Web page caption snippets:
------------------------------
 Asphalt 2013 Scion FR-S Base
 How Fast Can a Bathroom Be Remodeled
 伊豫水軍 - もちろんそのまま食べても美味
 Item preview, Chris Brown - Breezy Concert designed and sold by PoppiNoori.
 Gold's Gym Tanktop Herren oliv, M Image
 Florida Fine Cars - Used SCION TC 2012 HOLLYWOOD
------------------------------
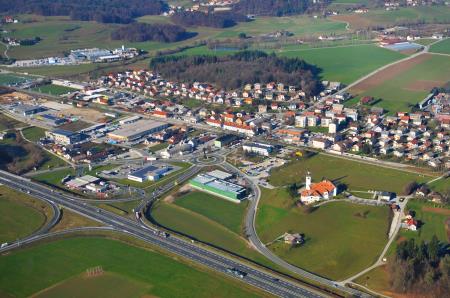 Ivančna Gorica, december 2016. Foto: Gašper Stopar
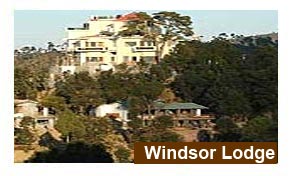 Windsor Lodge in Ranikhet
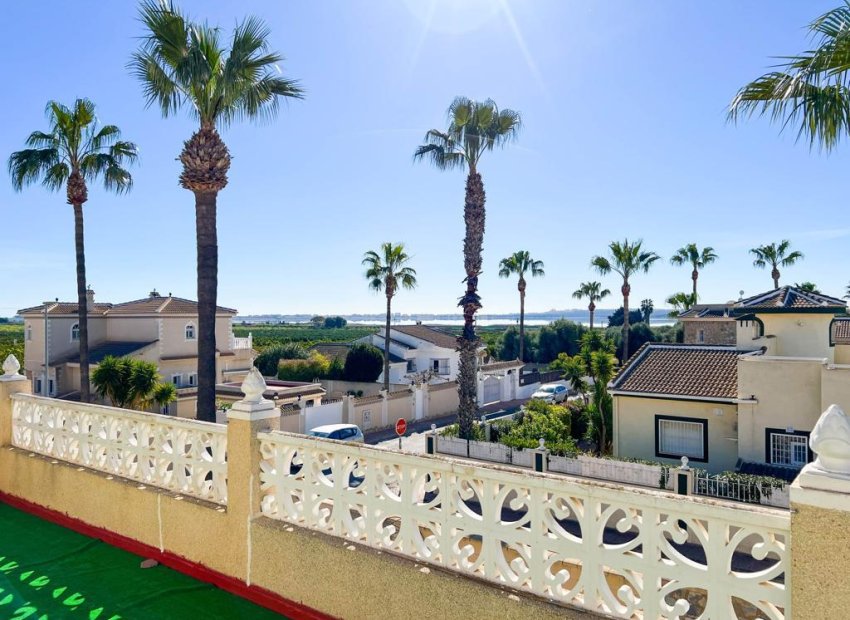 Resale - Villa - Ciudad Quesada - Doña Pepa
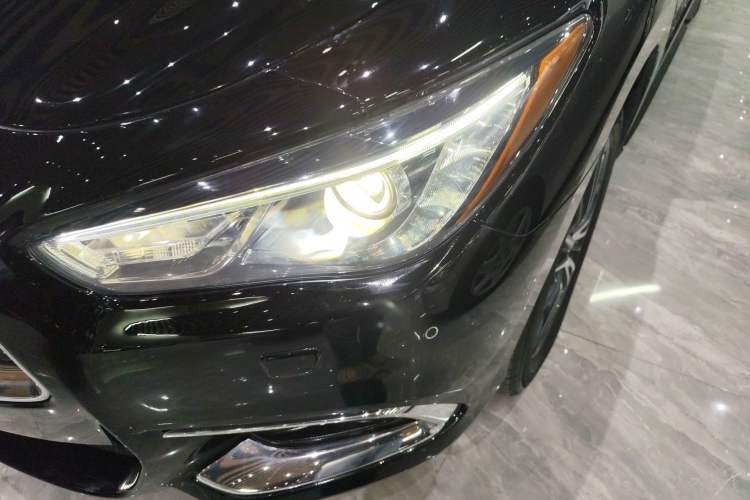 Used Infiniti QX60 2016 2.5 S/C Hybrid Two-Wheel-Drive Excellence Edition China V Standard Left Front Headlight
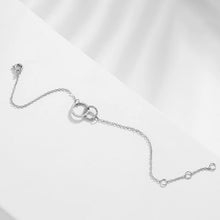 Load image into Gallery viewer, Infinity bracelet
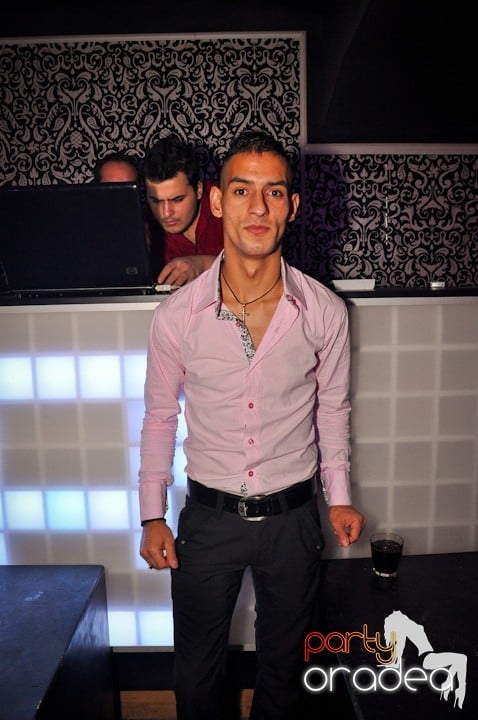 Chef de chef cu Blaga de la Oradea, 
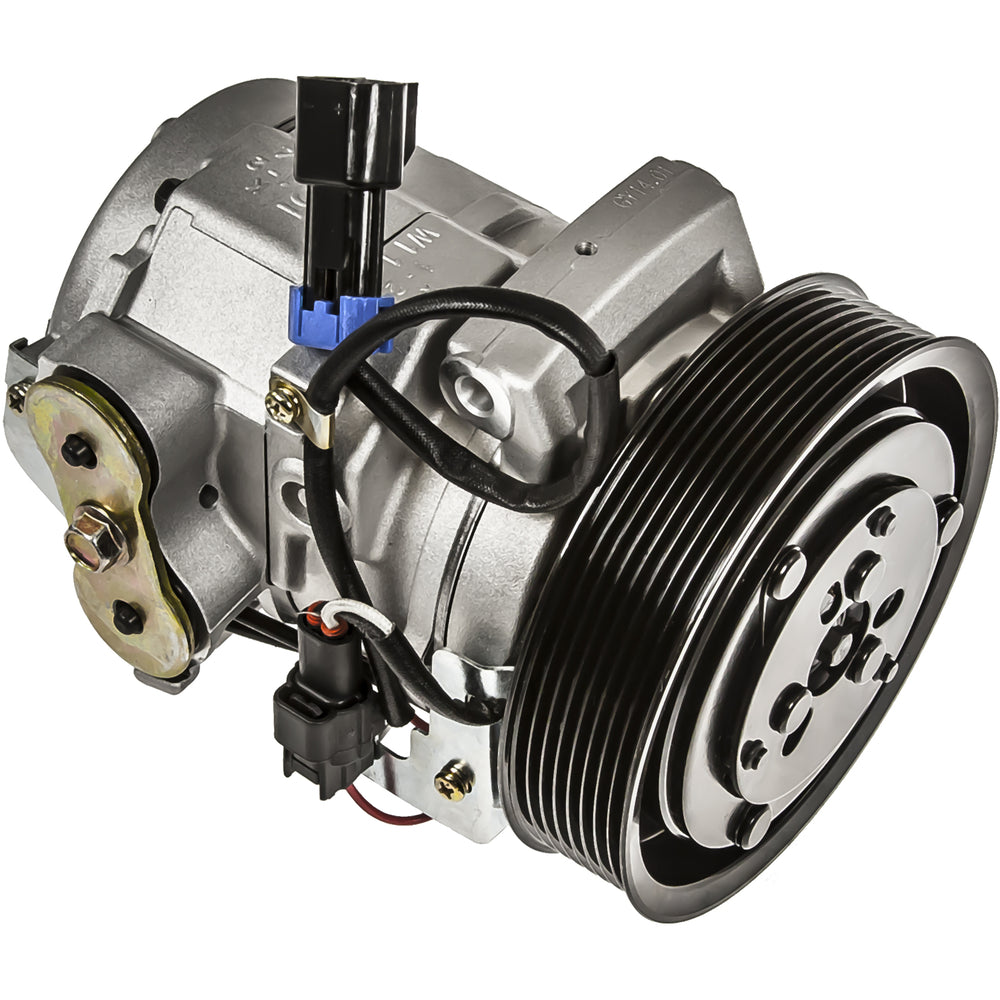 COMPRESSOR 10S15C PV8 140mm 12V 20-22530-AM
------------------------------
Within the entries above, the lines from the one containing "Used Infiniti QX60" through the one containing "COMPRESSOR 10S15C PV8 140mm 12V 20-22530-AM" are to be transcribed exactly, ends included, pictures excluded.

 Used Infiniti QX60 2016 2.5 S/C Hybrid Two-Wheel-Drive Excellence Edition China V Standard Left Front Headlight
 Load image into Gallery viewer, Infinity bracelet
 Chef de chef cu Blaga de la Oradea, 
 COMPRESSOR 10S15C PV8 140mm 12V 20-22530-AM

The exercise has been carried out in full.